Using the listing below, retype only the lines from the line with "customized new york" through the end, both ends included, and exclude the pictures.

# [INPUT DATA]

......

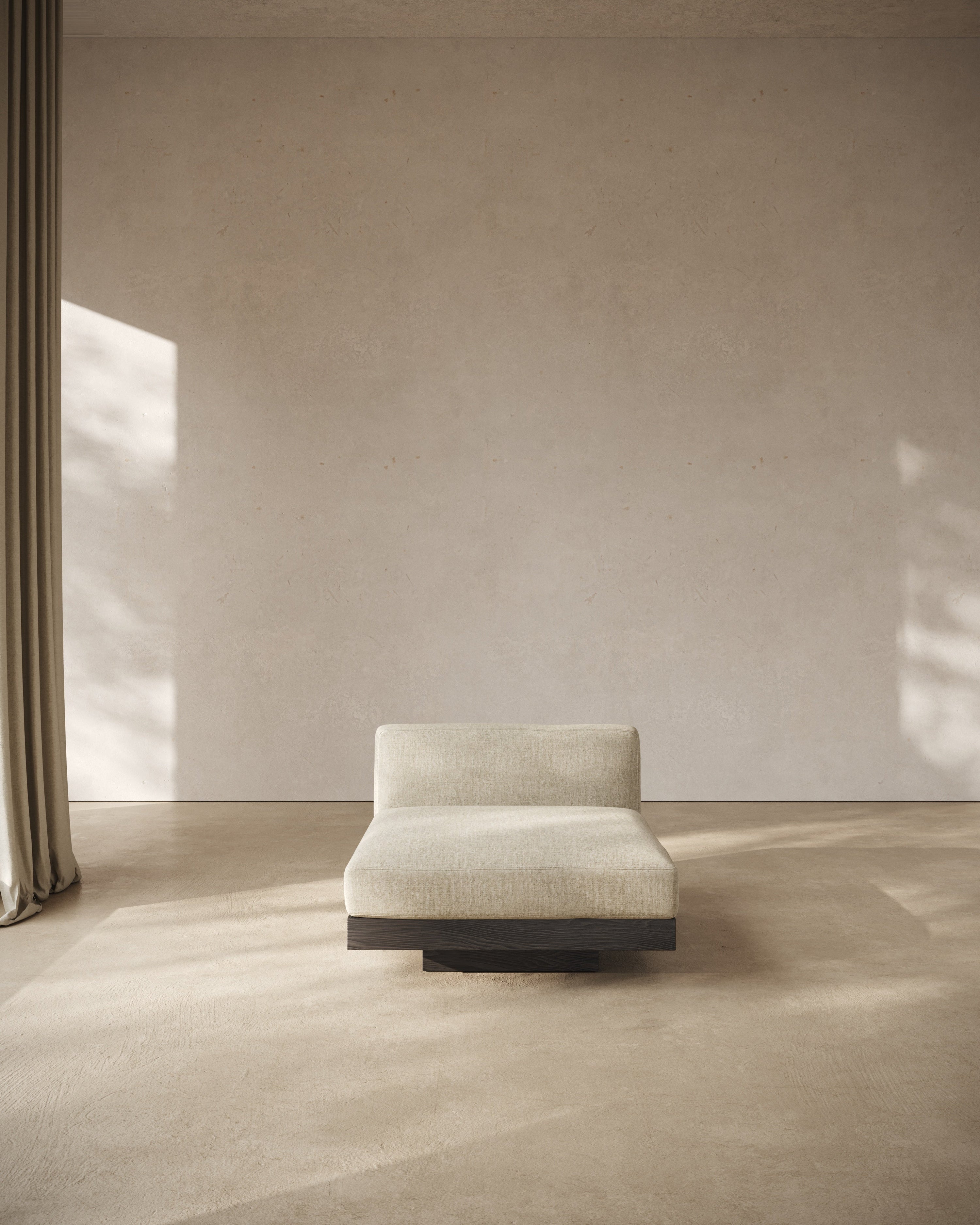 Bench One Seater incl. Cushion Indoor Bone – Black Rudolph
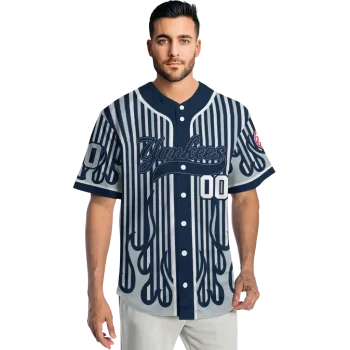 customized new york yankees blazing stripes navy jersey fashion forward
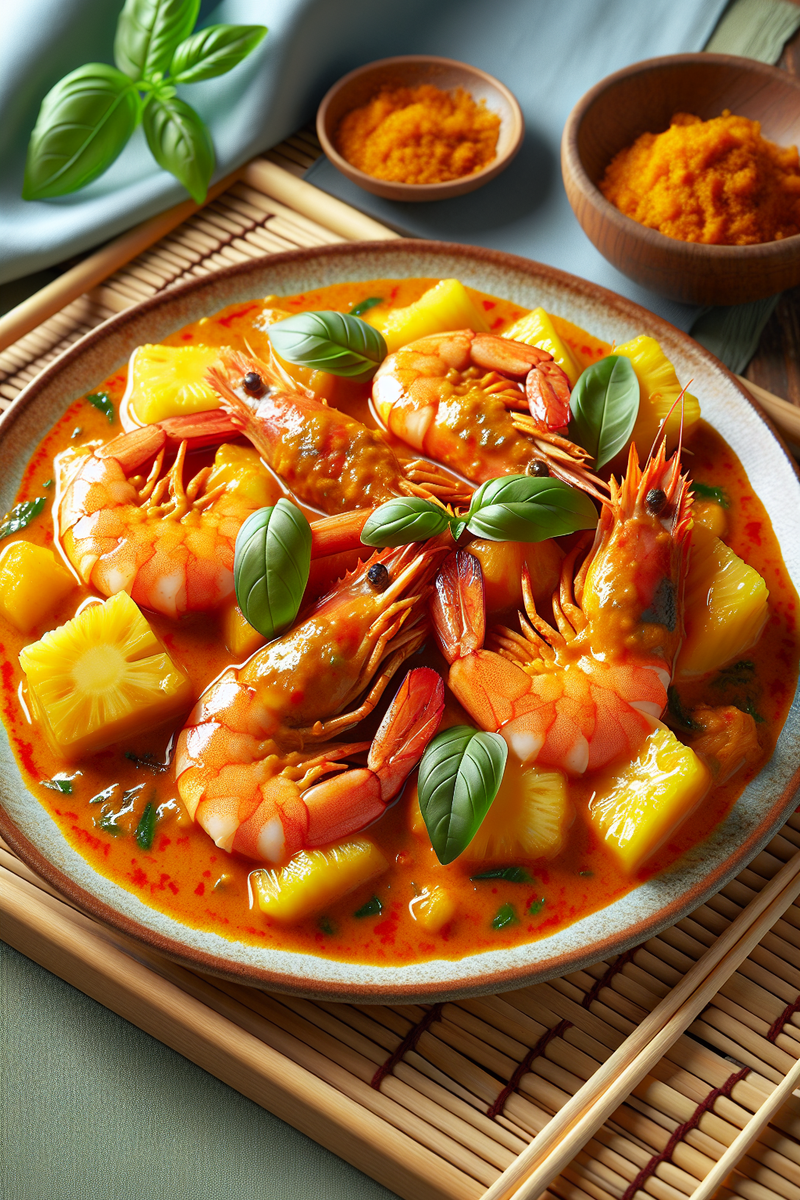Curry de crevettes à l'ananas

......

# [SOLUTION FOR THIS EXERCISE]
 customized new york yankees blazing stripes navy jersey fashion forward
Curry de crevettes à l'ananas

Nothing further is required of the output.